There are basically three levels of tax advantages available to real estate operators.
Level one: the 30-40% discount on everything business-related. You made $100,000 and bought a $1,000 camera? IRS says you made $99,000. Your truck, gas, tools, office expenses, a working lunch with your business partner — these are write-offs. You still have to buy the stuff. You just don’t pay taxes on that amount. Don’t get carried away, but understand that business owners live by different rules than W2 employees.
Level two: deferrals. Depreciation is the big one. The IRS says your building is depreciating every year, even if you just renovated it. On a residential property, 70% of the value gets depreciated over 27.5 years. That’s a phantom write-off — you didn’t spend the money, but you get to subtract it from your income. On a $100,000 property, that’s roughly $2,545 per year you can shield. That’s a real number even before cost segregation accelerates it.
The other deferral is the 1031 exchange. Normally when you sell a property, you pay capital gains taxes on the profit. With a 1031, you take the proceeds and roll them into a like-kind property of equal or greater value, within the rules and timelines. Taxes deferred. You kick the can down the road — maybe indefinitely. There’s a strategy called buy, borrow, die where you keep deferring, take loans against the equity tax-free, and then your heirs get a stepped-up basis. Never pay the gains.
Level three: the real breaks. Long-term capital gains rates are much lower than ordinary income rates. And then there’s section 121 — the primary residence exclusion. If you’ve lived in a house two out of the last five years, you take $250,000 of profit as a single person, $500,000 married, and pay zero taxes. That’s the one I keep coming back to. I don’t know any better tax advantage than that.
Why it matters
Flippers get hammered. If you flip a house and make $60,000, you might be paying half of that or better to the IRS — ordinary income rates plus self-employment tax. The people who wrote the tax code were long-term real estate investors, not short-term flippers. The system is set up to reward holding, not selling.

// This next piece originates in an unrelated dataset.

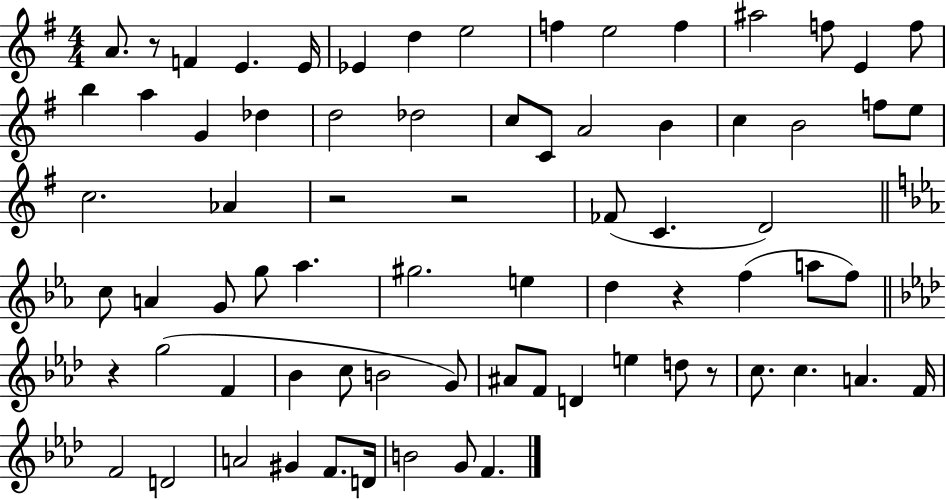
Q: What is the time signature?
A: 4/4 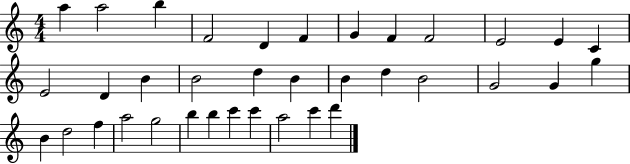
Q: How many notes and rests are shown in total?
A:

So the way professionals structure it is by owning both a holdco and an opco. The holdco owns the properties. The opco does the construction, wholesaling, management — the operations. The holdco pays the opco for its work. That shifts income to the opco, where you can set up a solo 401k, an IRA, write off business expenses, and mitigate that self-employment tax through an S-corp election. Instead of paying 45K on $90,000 of profit, you might pay 30.
And then there’s the cash-out refinance move. Your property appreciates. You pull 70-80% of the value out as a loan. The IRS sees that as debt, not income. Debt is not taxable. So you put $95,000 in your pocket and pay zero taxes on it. That’s what Elon Musk does with his Tesla stock. Your property is your Tesla.
How it shows up
At the operator level, this is less about one strategy and more about the stack:
- Set up the holdco/opco structure from the start
- Run legitimate business expenses through the opco
- Contribute to a solo 401k or defined benefit plan (especially for high-income years)
- Use depreciation on every rental property you own (cost seg accelerates it on commercial or larger residential)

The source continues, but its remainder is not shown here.